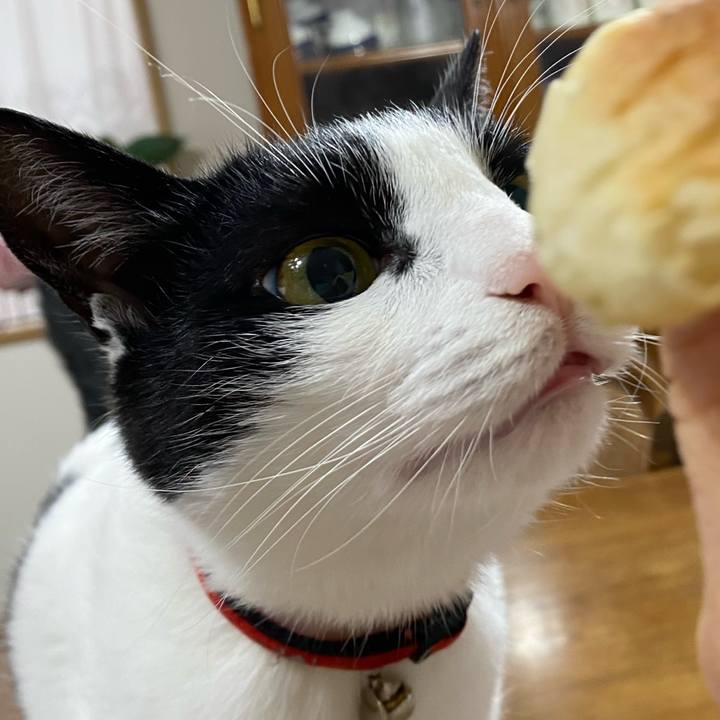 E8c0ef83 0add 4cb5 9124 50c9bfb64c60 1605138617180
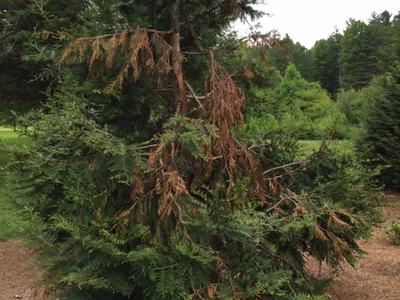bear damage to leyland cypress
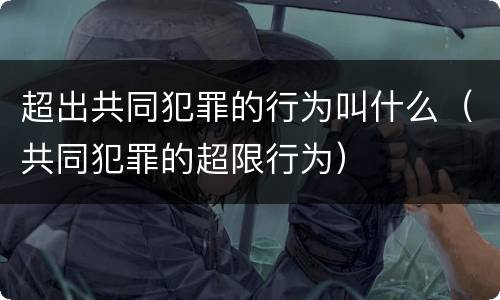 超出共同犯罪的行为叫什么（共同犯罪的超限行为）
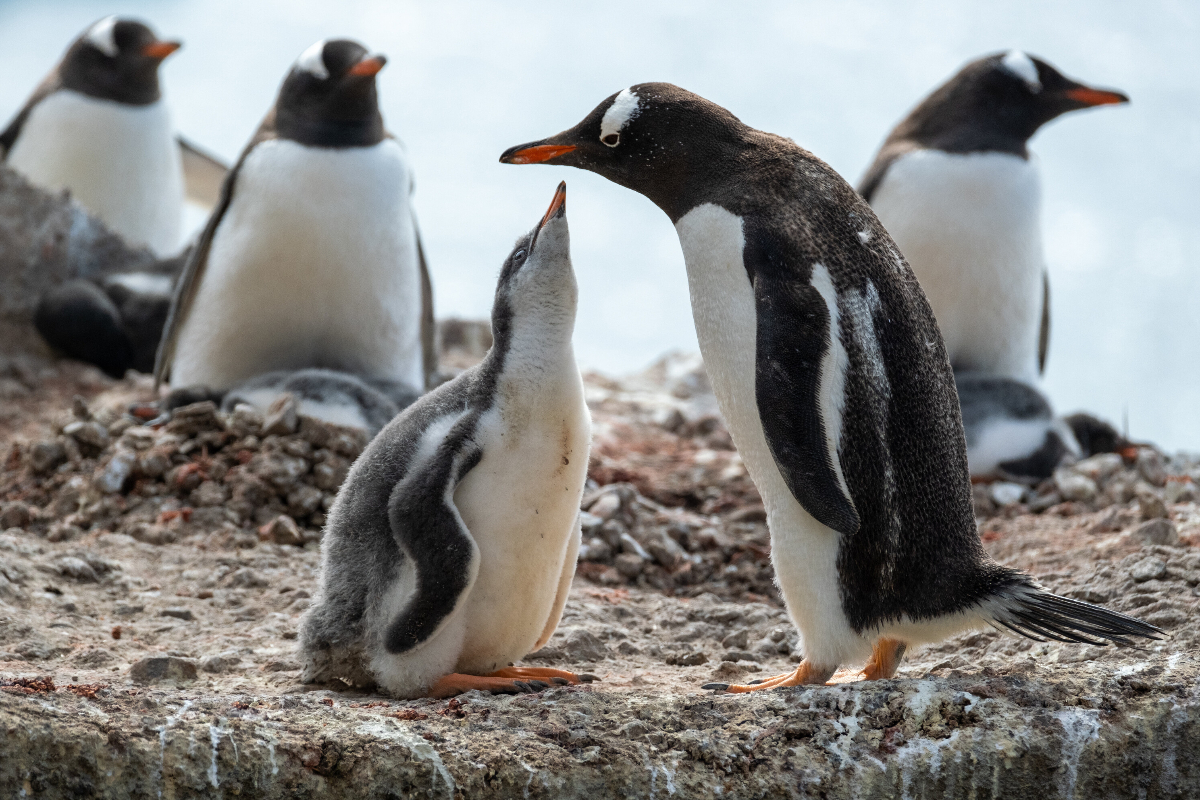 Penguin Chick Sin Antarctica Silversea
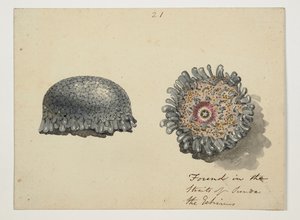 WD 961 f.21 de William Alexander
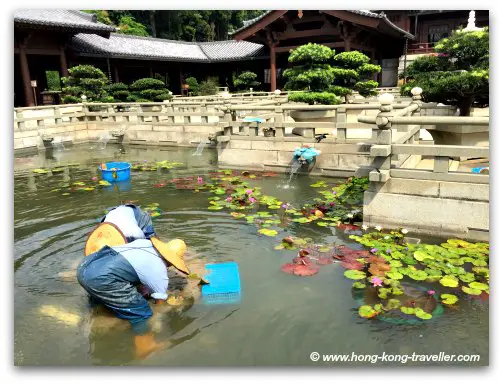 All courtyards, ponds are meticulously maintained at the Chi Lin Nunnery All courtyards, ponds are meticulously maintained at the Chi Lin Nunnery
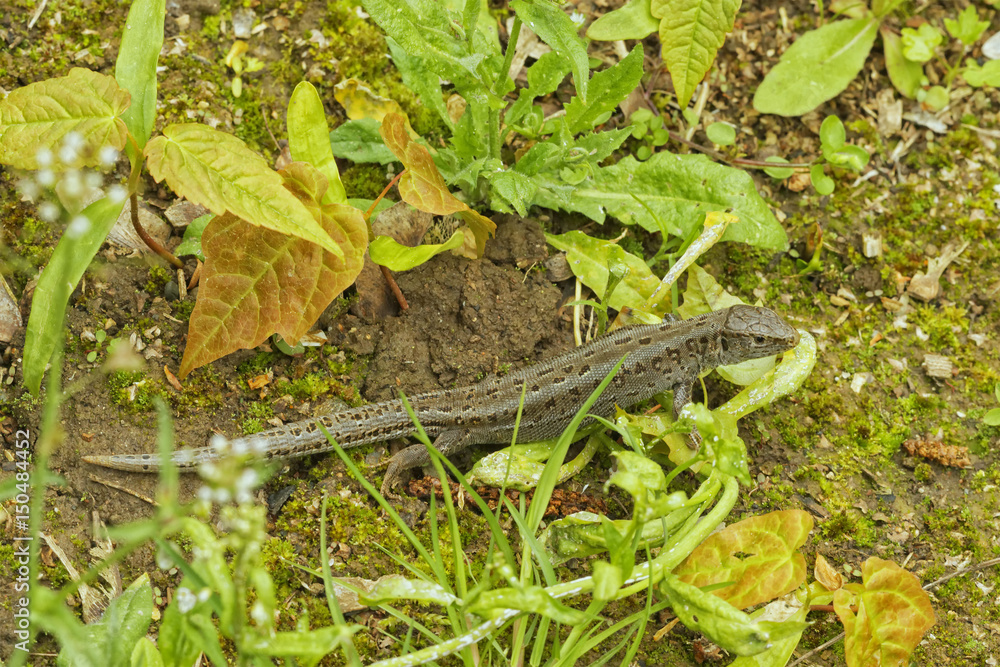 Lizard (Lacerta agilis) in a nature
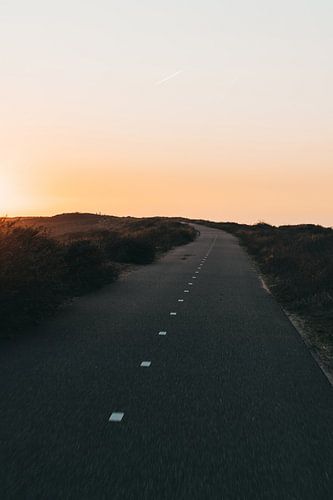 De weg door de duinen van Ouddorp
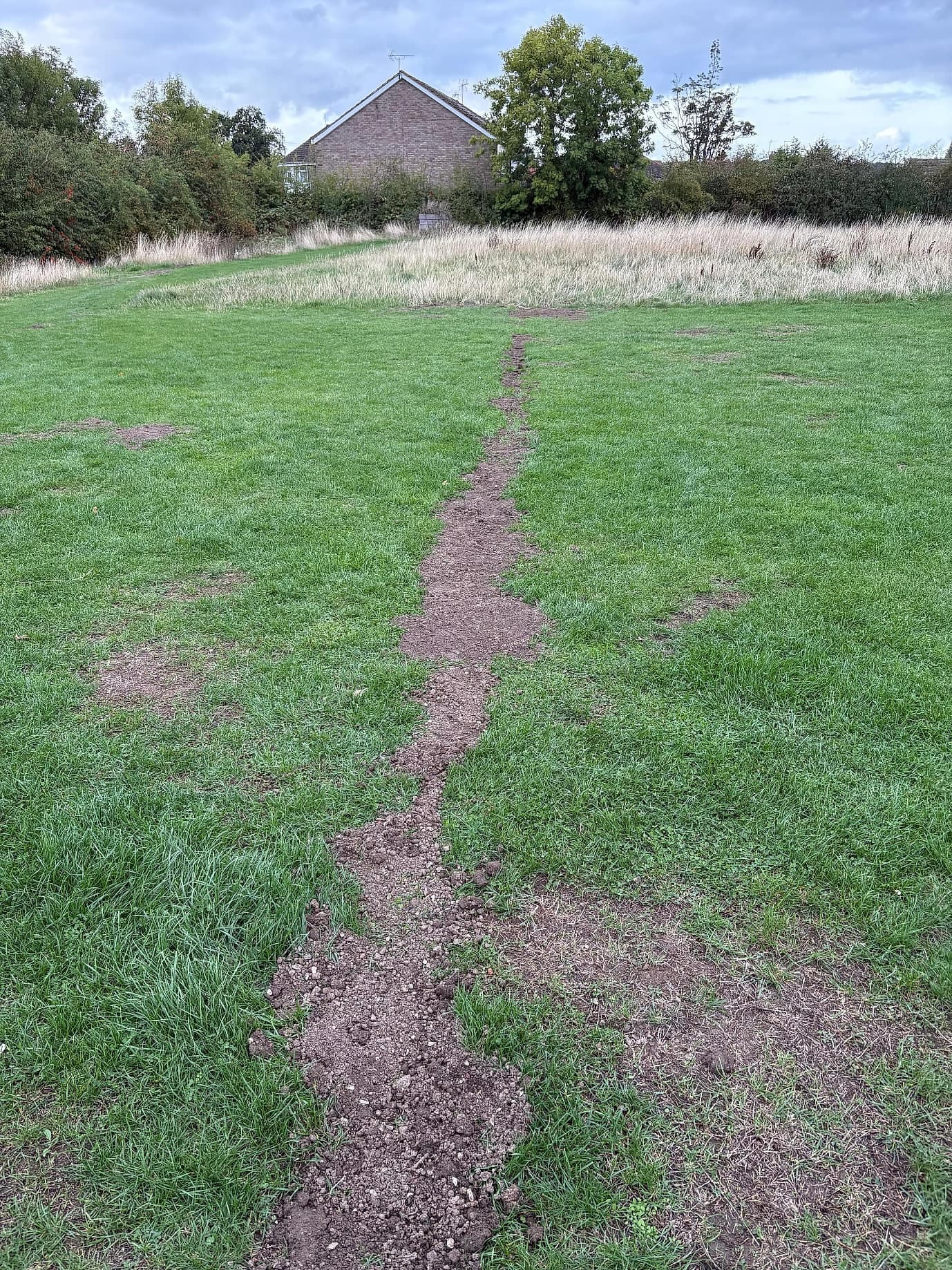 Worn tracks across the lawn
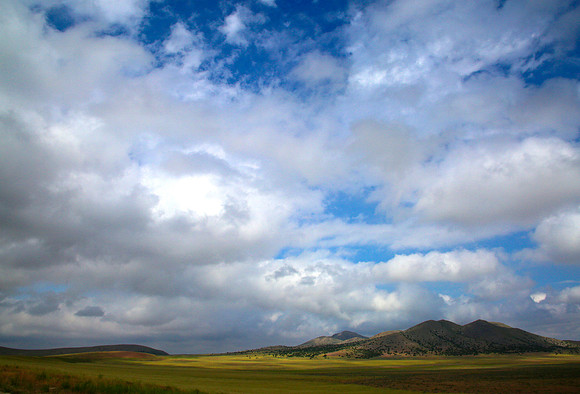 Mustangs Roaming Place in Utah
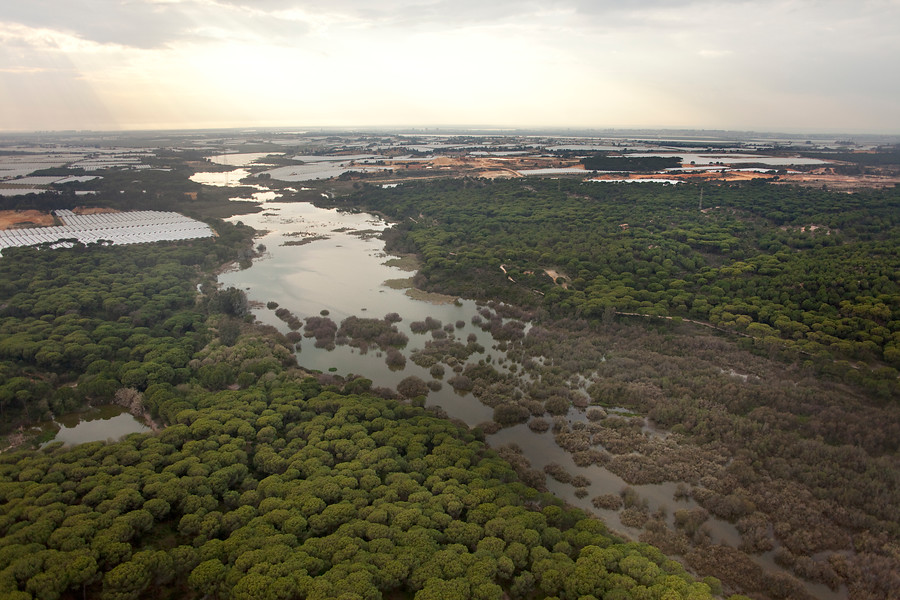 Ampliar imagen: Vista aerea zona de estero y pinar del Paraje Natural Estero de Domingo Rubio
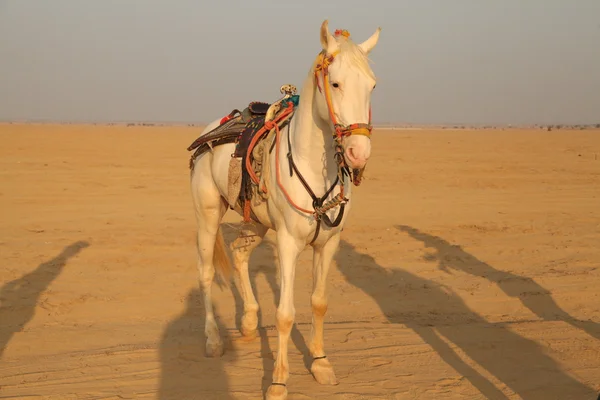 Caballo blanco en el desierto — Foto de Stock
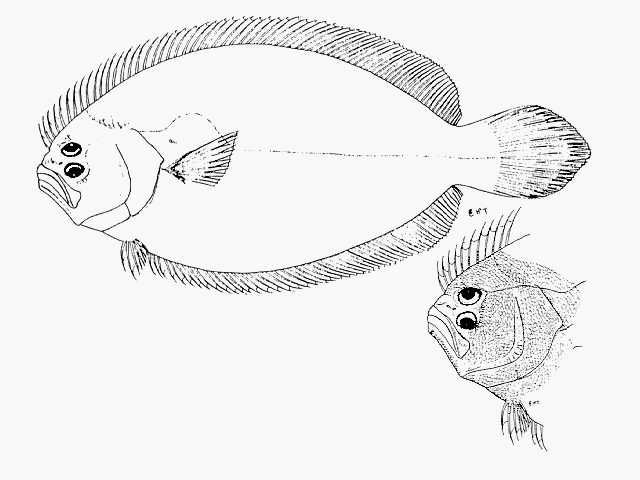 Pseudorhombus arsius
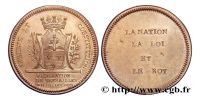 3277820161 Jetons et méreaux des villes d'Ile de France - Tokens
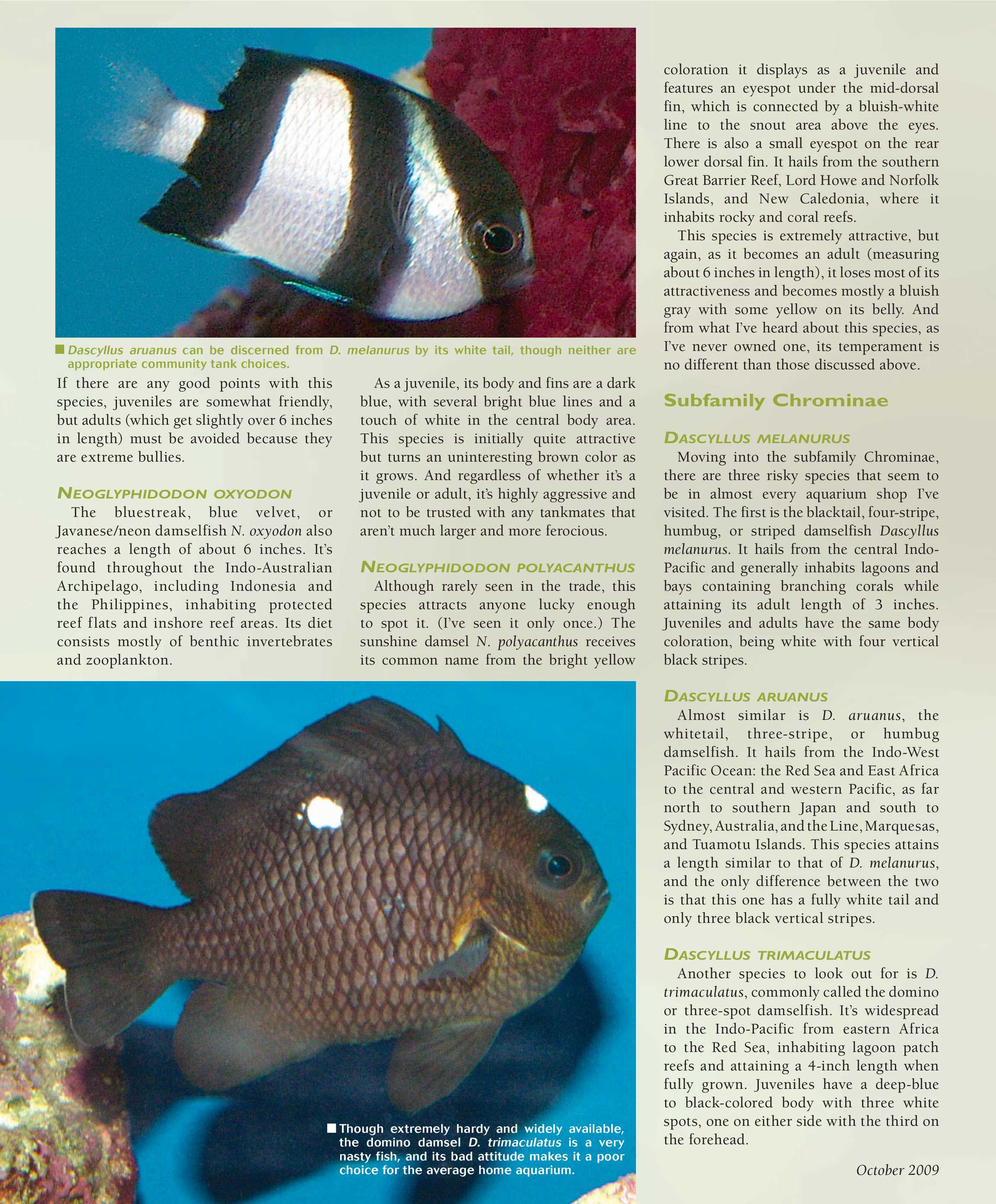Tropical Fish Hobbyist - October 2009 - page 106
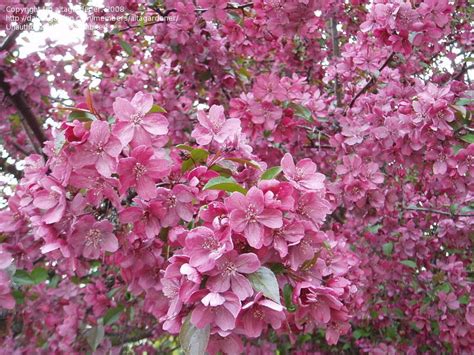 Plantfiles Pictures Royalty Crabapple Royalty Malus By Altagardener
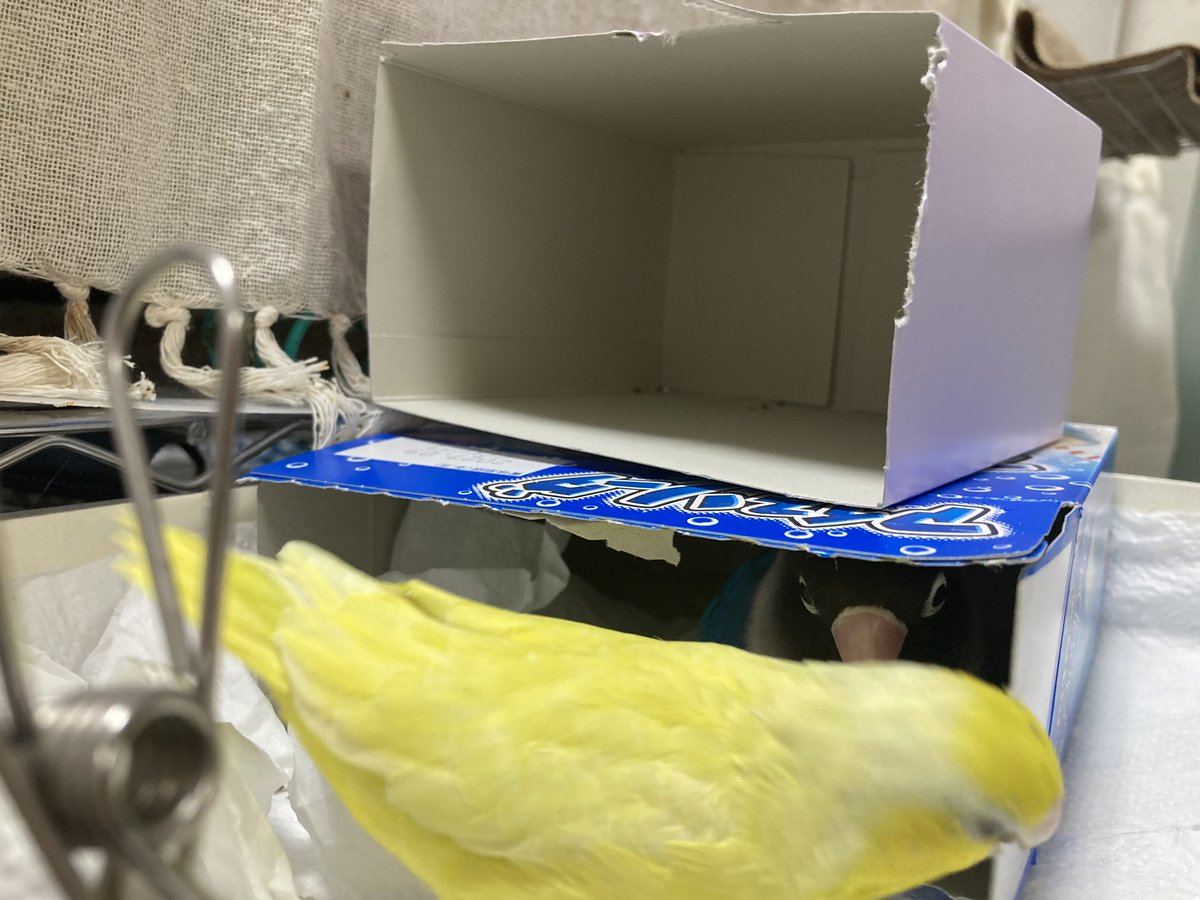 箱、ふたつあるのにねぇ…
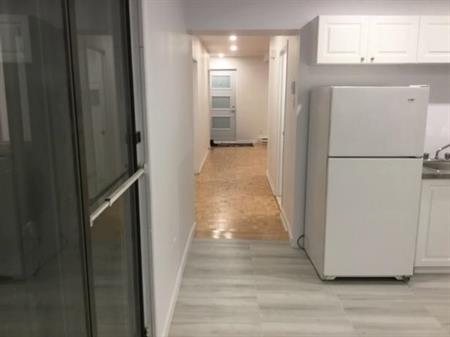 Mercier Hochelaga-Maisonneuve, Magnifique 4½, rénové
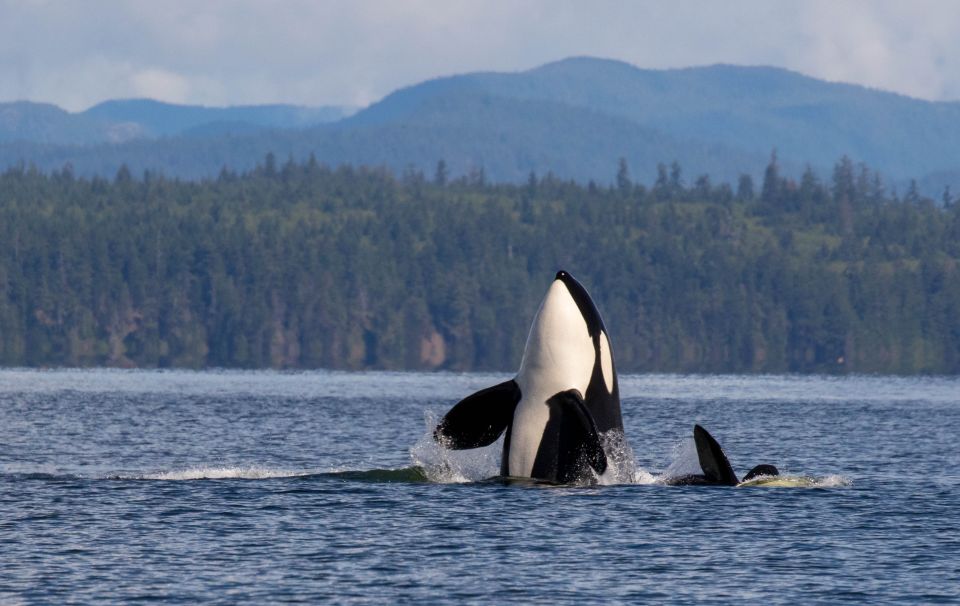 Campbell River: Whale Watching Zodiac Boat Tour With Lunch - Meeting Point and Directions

What you need to do:
What is needed is an exact copy of the records above, with no pictures in it.

Result of the task:
 E8c0ef83 0add 4cb5 9124 50c9bfb64c60 1605138617180
bear damage to leyland cypress
 超出共同犯罪的行为叫什么（共同犯罪的超限行为）
 Penguin Chick Sin Antarctica Silversea
 WD 961 f.21 de William Alexander
 All courtyards, ponds are meticulously maintained at the Chi Lin Nunnery All courtyards, ponds are meticulously maintained at the Chi Lin Nunnery
 Lizard (Lacerta agilis) in a nature
 De weg door de duinen van Ouddorp
 Worn tracks across the lawn
 Mustangs Roaming Place in Utah
 Ampliar imagen: Vista aerea zona de estero y pinar del Paraje Natural Estero de Domingo Rubio
 Caballo blanco en el desierto — Foto de Stock
 Pseudorhombus arsius
 3277820161 Jetons et méreaux des villes d'Ile de France - Tokens
Tropical Fish Hobbyist - October 2009 - page 106
 Plantfiles Pictures Royalty Crabapple Royalty Malus By Altagardener
 箱、ふたつあるのにねぇ…
 Mercier Hochelaga-Maisonneuve, Magnifique 4½, rénové
 Campbell River: Whale Watching Zodiac Boat Tour With Lunch - Meeting Point and Directions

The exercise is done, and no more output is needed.